None of those companies lacked a cookie banner. They had one. The problem was that the banner was not working as a real consent system.

That is the defining story of privacy enforcement in 2026. Regulators are no longer scanning for the presence of a consent notice. They are looking under the hood, checking whether the underlying system actually honours user choices. If it does not, the banner is irrelevant.

In this post, we will be looking at five consent failures regulators are targeting right now, we will explain why compliant-looking implementations so often break down in practice, and we will give you a clear checklist to review your own setup.

What does privacy enforcement actually look like in 2026?

Privacy enforcement in 2026 refers to the growing wave of regulatory investigations and financial penalties issued by data protection authorities across the EU, UK, and US against organisations that fail to implement genuine consent mechanisms, honour user opt-out requests, or process data subject requests correctly. Enforcement now focuses on how consent tools function in practice, not simply whether they exist.

That shift matters because most organisations now have some form of consent management in place. The enforcement gap is not about awareness anymore. It is about operational gaps, technical failures, and design choices that quietly undermine what the banner claims to do.

2026 enforcement snapshot: who got fined and why

The pace of enforcement accelerated dramatically in early 2026. Here is a summary of the key actions that have set the tone:

Company

Fine

Date

Regulator

Issue

€325M

2025/2026

CNIL

Invalid cookie consent mechanism

€150M

2025/2026

CNIL

Advertising cookies placed without valid consent

$2.75M

Feb 2026

California AG

GPC signals not honoured; opt-out failures

$1.1M

Feb 2026

CPPA

Dark-pattern banner; broken opt-out mechanism

$375K

Feb 2026

CPPA

Illegal identity verification before opt-out

€2.7M

2025/2026

Dutch DPA

Broader GDPR violations

€600K

2025/2026

Dutch DPA

Pre-ticked consent boxes

A few things stand out from this data. First, enforcement is genuinely global. The CNIL in France, the Dutch DPA, California's Privacy Protection Agency, and the California Attorney General are all active. Second, the fines are not being handed out for ignoring privacy law entirely. In most cases, the companies had consent infrastructure in place. The failures were operational.
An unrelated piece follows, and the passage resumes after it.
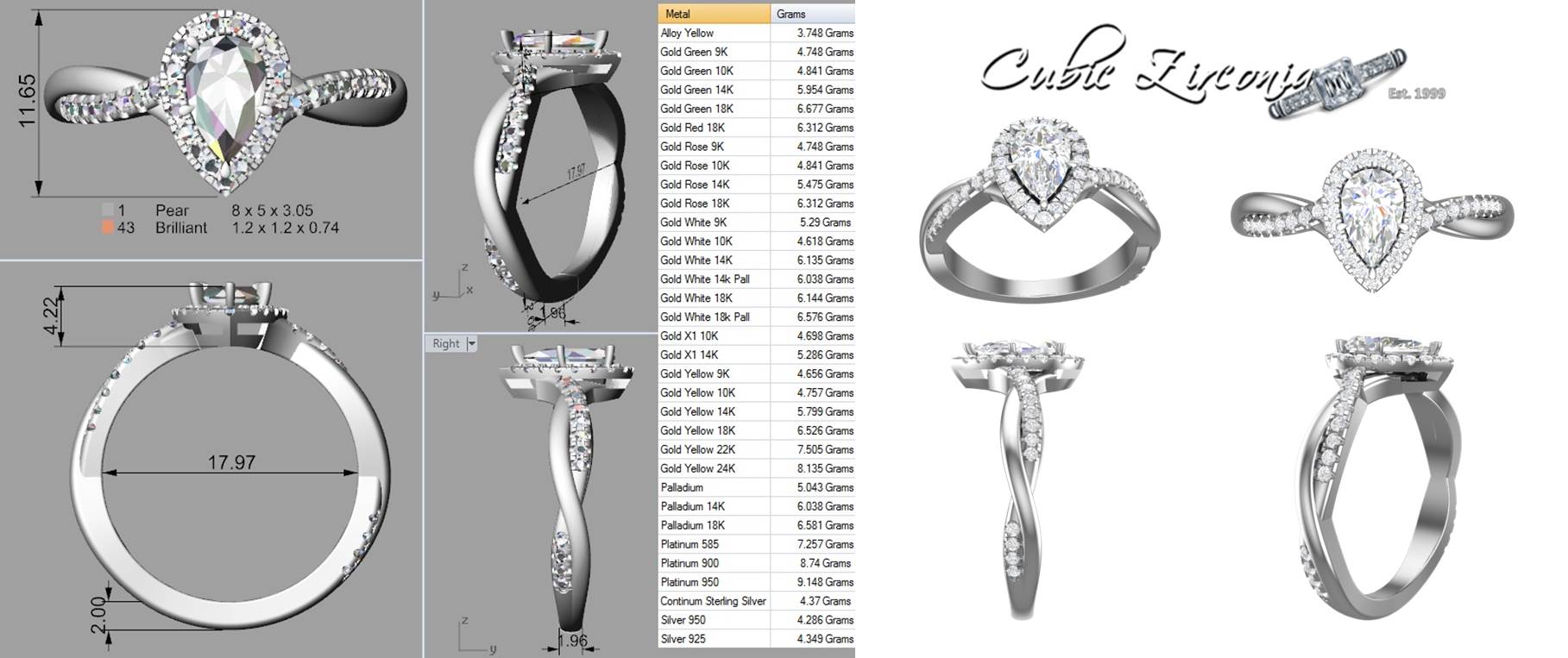 Custom Cubic Zirconia (CZ) Jewelry FAQ - Frequently Asked Questions ...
Oregon issued 38 cure letters in 2025 targeting denied deletion requests. Connecticut ran five privacy notice sweeps and two cookie banner sweeps. Regulators are building systematic review processes, which means even smaller businesses are now within scope.

If you are not sure whether your current consent setup would hold up to that level of scrutiny, Clym's free compliance scanner can give you a starting point.

The 5 consent and cookie failures regulators are targeting

Across the enforcement actions we looked at, five failure patterns come up repeatedly. These are not exotic edge cases. They are common implementation issues that many organisations have not addressed.

1. Failure to honour Global Privacy Control (GPC) signals

Global Privacy Control is a browser-based signal that tells websites a user does not want their data sold or shared. Under CCPA and an increasing number of US state laws, businesses are required to treat a GPC signal as a valid opt-out request.

In the Disney settlement, regulators found that GPC signals were applied only to the specific device where the signal was detected. When users were logged in across devices, the opt-out did not carry across. Data sharing continued even after the signal was received.

The lesson here is precise: it is not enough to capture a GPC signal at the edge. You need to propagate that signal through your entire data stack, including downstream ad tech, analytics platforms, and any vendor that receives personal data from your site.

Clym's consent management platform is built to detect and apply GPC signals across your properties, so user-level opt-out choices translate into system-level action.

2. Broken or ineffective opt-out mechanisms

PlayOn Sports was fined because its cookie banner required users to click Agree to continue, with no meaningful decline option. When users tried to opt out via phone or email, those mechanisms did not actually stop web-based tracking. The result was a system that looked functional but produced no real privacy outcome.

Ford faced a different version of the same problem. Before processing an opt-out of sale request, Ford required users to verify their identity by email. If users did not complete verification, Ford treated the request as expired. Under CCPA, requiring email verification before honouring an opt-out is not permitted.

An opt-out mechanism that does not actually stop data sharing is not an opt-out mechanism. It is a liability.

3. Misconfigured consent banners

Some of the most striking enforcement outcomes have involved websites where the consent tool was technically present but incorrectly configured. In the Todd Snyder enforcement action, a misconfigured cookie consent banner prevented consumers from opting out for an extended period. That temporary malfunction created significant compliance exposure.

Shein was fined 150 million euros by the CNIL for placing advertising cookies before valid consent was given. The banner existed. The configuration did not enforce the consent requirement.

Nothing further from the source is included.